But check out your own back yard. We like to say we are environmentally friendly, for example, but how many of us would give up our car for a bicycle or choose a winding B-road over a straight-as-the-crow-flies bypass. How many animal lovers would swap their leather jacket for a plastic mac, a pint of milk for liquidised soya beans? How many of us started going to that excellent (private) dentist long before it became impossible to sign up with the NHS? And how many have swept that affair under the office carpet?

We can, of course, find it in our hearts to forgive ourselves for our own inconsistencies. None of us pretends to be perfect. But it is harder to forgive our religious and political leaders. Enter the accused. Representing politics: Tim Yeo (creator of two single-parent families) and David Mellor (adulterer), ministers in a government that traded on its family values. Representing religion: a horde of Jimmy Swaggart tele-evangelists (greedy, self-serving, blatantly un-Christian).
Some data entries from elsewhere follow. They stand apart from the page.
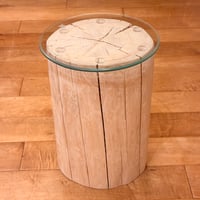 Pet Table Hinoki】No.737 | Wood Factory Silky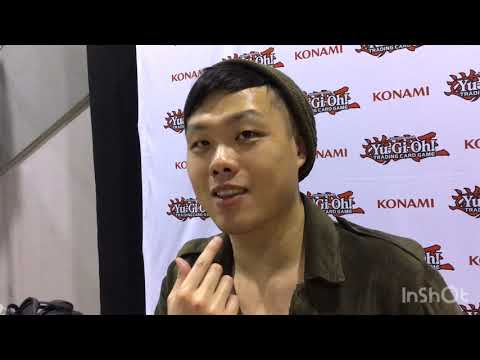 Yu-Gi-Oh! YCS Milan 2018 Top 8 Simon He, The Return of a Legend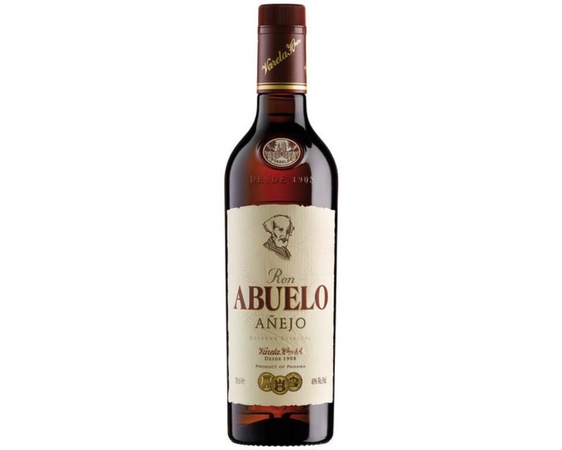 Abuelo anejo 40% 0,7l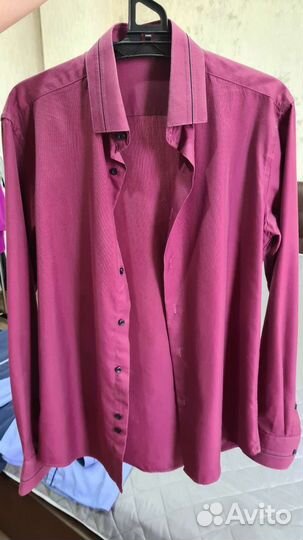 Рубашка для мальчика S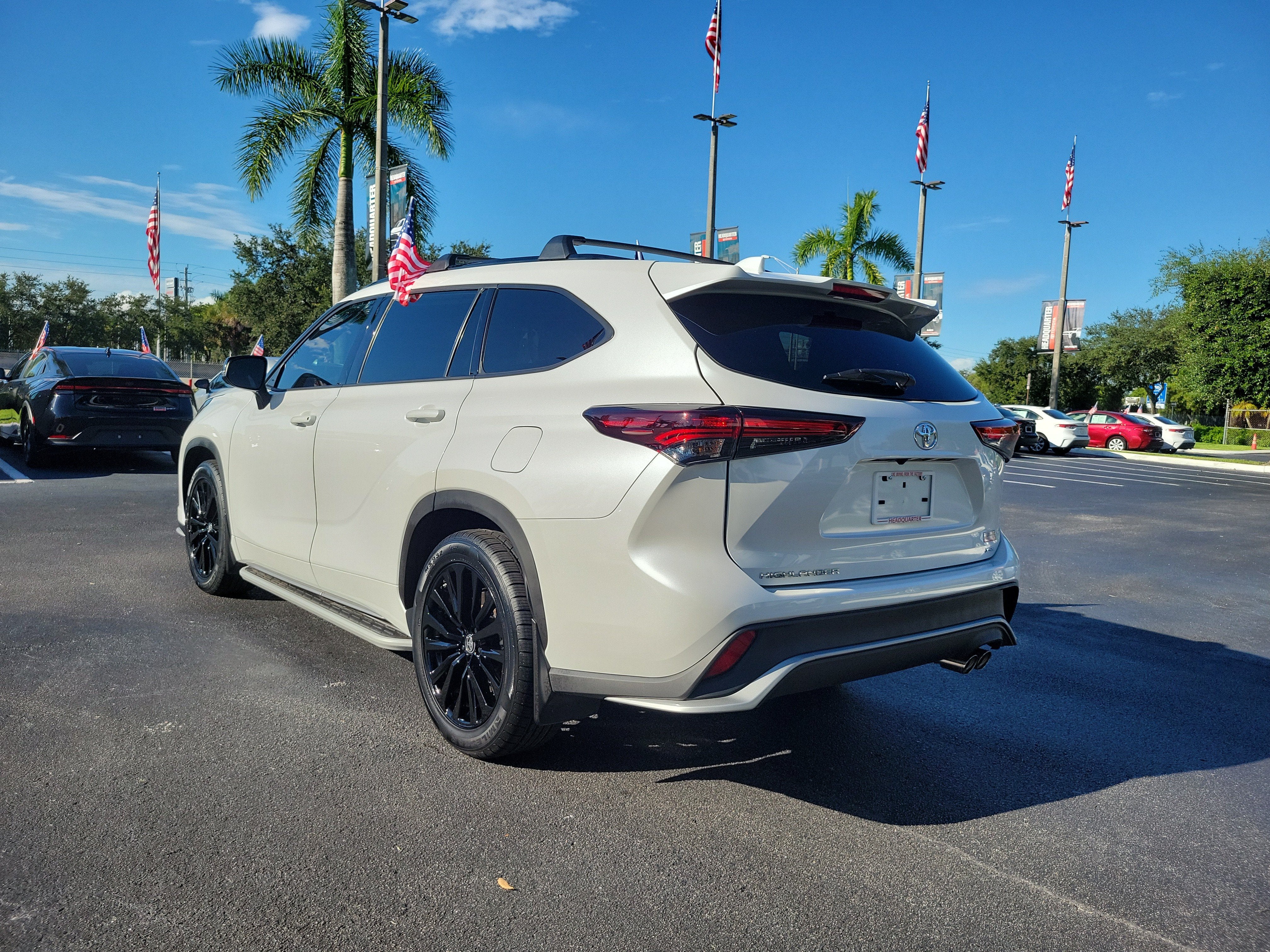 2024 Toyota Highlander XSE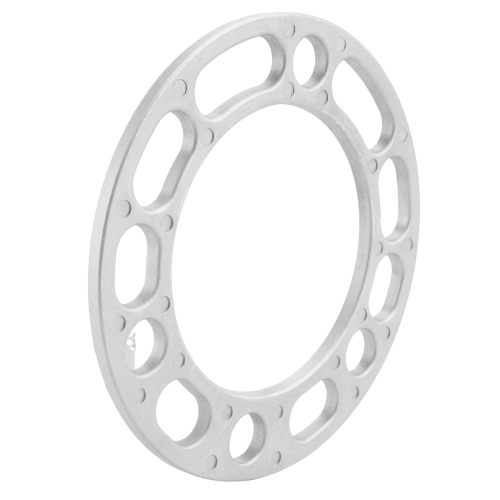 2Pcs /Set Aluminum Alloy Adjusting Shims 6Mm For J 1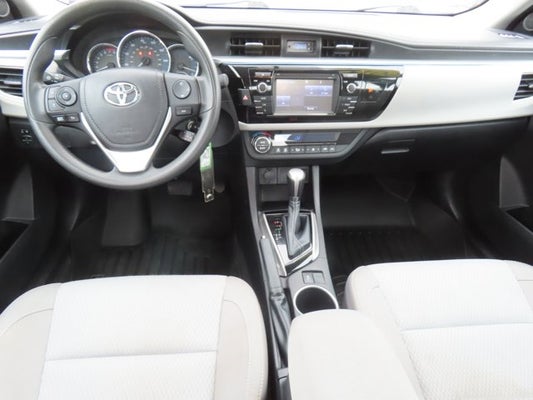 2015 Toyota Corolla LE in Laconia, NH - Irwin Automotive Group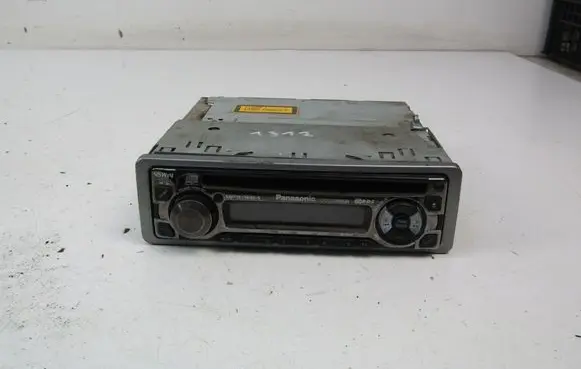 Fiat Albea HiFi Audio sound control unit 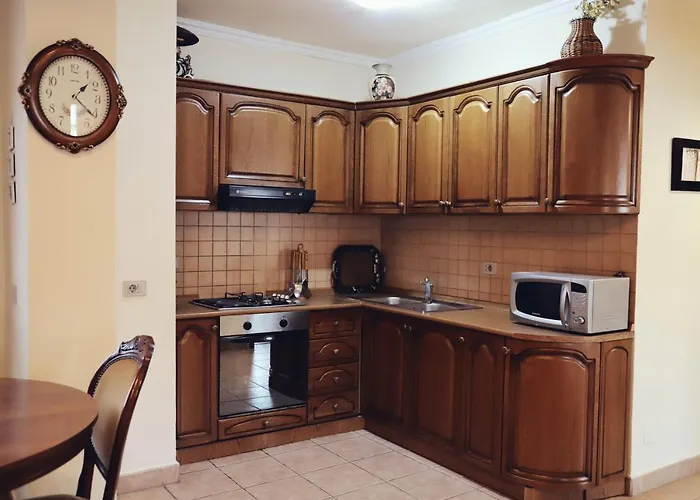 Apartamento Taiwan Center *
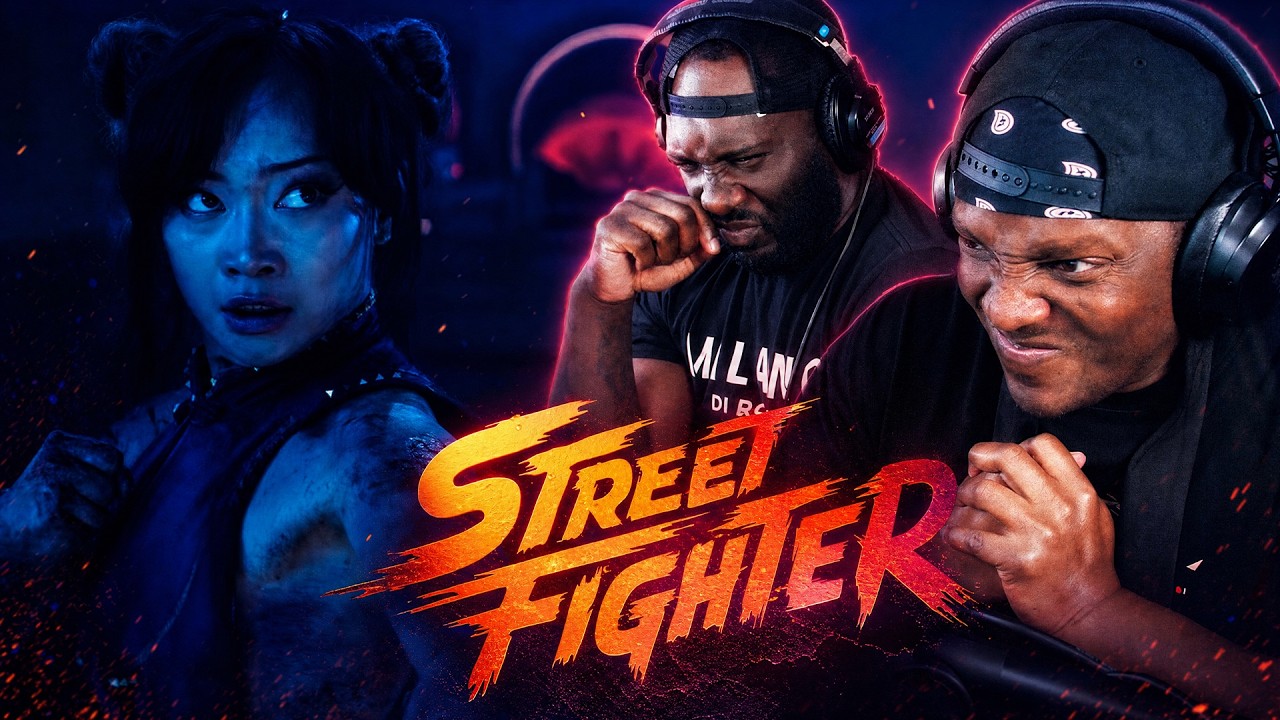 Street Fighter | New Trailer Reaction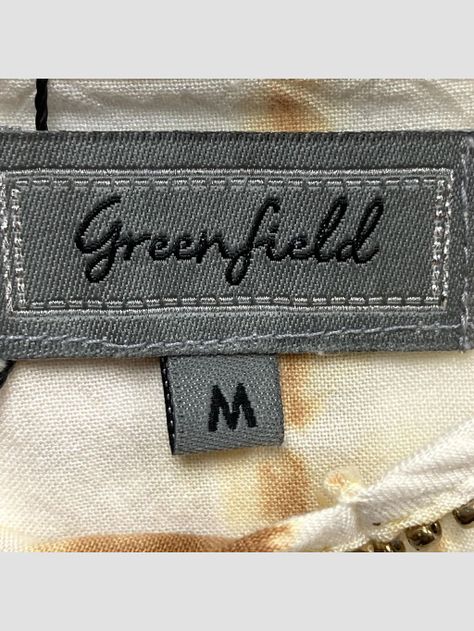 Polera sin mangas GREENFIELD - Talla M (VOP00901931)-1
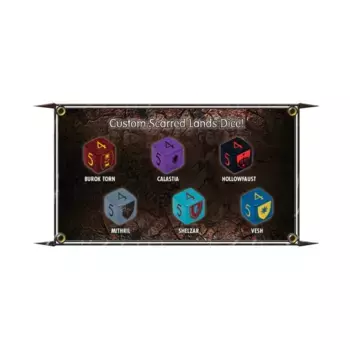 Кубики исцарапанных земель (6), Adventures & Modules (Pathfinder)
These are the bad hypocrites. For, just as there are varying degrees of hypocrisy, there are various categories of hypocrites. There are good hypocrites and bad hypocrites and somewhere in between there are the reluctant hypocrites and the falsely accused.

The bad hypocrites, the like of Tim Yeo, not only profess one belief and do something entirely different, they also cause harm to others in pursuit of self-gain. "Hypocrisy is the homage that vice pays to virtue," wrote Rochefoucauld. It became one of Oscar Wilde's favourite quips.

The good hypocrites, according to the agony columnist Irma Kurtz, say one thing and do something entirely different in order to avoid being cruel. "The hypocrite puts up a curtain and it is what is behind that curtain that is frightening. Sometimes it is better not to know. The man who commits adultery and then comes home to his wife, smiling and bearing a gift before making love to her is being hypocritical. But is it better to come home and say, I think you should know I am sleeping with my secretary? Sometimes hypocrites are protecting themselves from being cruel and cruelty is perhaps more reprehensible than hypocrisy."

Quite where Robert Hughes, the erstwhile Citizen's Charter minister, fits in remains unclear, but he certainly doesn't fall into one of the biggest categories, namely the falsely accused. The falsely accused are the Anita Roddicks of our time (everybody wants to catch her out, refusing to believe someone can be successful and principled) and those who merely change their minds, the feminists turned post-feminist housewives, the socialists turned capitalists, the Tory minister who switches from Labour.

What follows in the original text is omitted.